» WHAT THIS TASK INVOLVES: Nothing outside the range is wanted. Repeat exactly the lines below from the one with "2007 Kia Rondo" through the one with "바이든 미국 대통령의".

Short descriptive text snippets
===
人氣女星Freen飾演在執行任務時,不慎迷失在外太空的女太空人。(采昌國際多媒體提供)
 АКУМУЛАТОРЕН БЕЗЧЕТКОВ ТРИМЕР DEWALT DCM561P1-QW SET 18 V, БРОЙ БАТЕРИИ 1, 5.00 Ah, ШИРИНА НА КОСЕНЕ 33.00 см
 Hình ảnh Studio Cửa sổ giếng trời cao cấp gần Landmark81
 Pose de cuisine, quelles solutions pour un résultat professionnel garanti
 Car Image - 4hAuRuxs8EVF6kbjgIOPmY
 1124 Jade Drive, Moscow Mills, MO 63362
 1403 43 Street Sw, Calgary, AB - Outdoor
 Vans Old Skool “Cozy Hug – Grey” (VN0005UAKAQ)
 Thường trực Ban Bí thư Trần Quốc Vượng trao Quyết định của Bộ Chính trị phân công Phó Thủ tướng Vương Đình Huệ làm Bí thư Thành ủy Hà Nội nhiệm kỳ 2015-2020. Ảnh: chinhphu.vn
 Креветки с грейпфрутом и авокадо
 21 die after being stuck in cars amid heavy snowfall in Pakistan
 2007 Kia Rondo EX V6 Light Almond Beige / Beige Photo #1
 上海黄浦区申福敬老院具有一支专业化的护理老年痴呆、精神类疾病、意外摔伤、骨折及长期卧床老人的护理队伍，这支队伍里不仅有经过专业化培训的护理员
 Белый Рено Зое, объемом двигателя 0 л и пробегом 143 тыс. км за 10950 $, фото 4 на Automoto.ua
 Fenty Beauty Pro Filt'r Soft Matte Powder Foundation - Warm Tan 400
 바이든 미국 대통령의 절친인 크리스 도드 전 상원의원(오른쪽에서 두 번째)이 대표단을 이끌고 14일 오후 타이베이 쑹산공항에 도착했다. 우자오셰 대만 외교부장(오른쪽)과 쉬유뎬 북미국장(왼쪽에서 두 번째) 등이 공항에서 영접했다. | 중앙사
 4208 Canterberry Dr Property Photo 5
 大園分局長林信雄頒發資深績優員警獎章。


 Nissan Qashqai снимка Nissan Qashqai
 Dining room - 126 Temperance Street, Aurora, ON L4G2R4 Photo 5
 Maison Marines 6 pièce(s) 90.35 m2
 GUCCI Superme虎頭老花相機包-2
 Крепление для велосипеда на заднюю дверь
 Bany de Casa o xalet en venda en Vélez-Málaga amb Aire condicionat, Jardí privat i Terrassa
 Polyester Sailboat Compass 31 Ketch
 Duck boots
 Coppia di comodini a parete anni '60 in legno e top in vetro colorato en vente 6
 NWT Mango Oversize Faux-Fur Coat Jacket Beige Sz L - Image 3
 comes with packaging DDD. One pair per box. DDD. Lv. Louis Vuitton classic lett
===
» PROBLEM SOLUTION:
 2007 Kia Rondo EX V6 Light Almond Beige / Beige Photo #1
 上海黄浦区申福敬老院具有一支专业化的护理老年痴呆、精神类疾病、意外摔伤、骨折及长期卧床老人的护理队伍，这支队伍里不仅有经过专业化培训的护理员
 Белый Рено Зое, объемом двигателя 0 л и пробегом 143 тыс. км за 10950 $, фото 4 на Automoto.ua
 Fenty Beauty Pro Filt'r Soft Matte Powder Foundation - Warm Tan 400
 바이든 미국 대통령의 절친인 크리스 도드 전 상원의원(오른쪽에서 두 번째)이 대표단을 이끌고 14일 오후 타이베이 쑹산공항에 도착했다. 우자오셰 대만 외교부장(오른쪽)과 쉬유뎬 북미국장(왼쪽에서 두 번째) 등이 공항에서 영접했다. | 중앙사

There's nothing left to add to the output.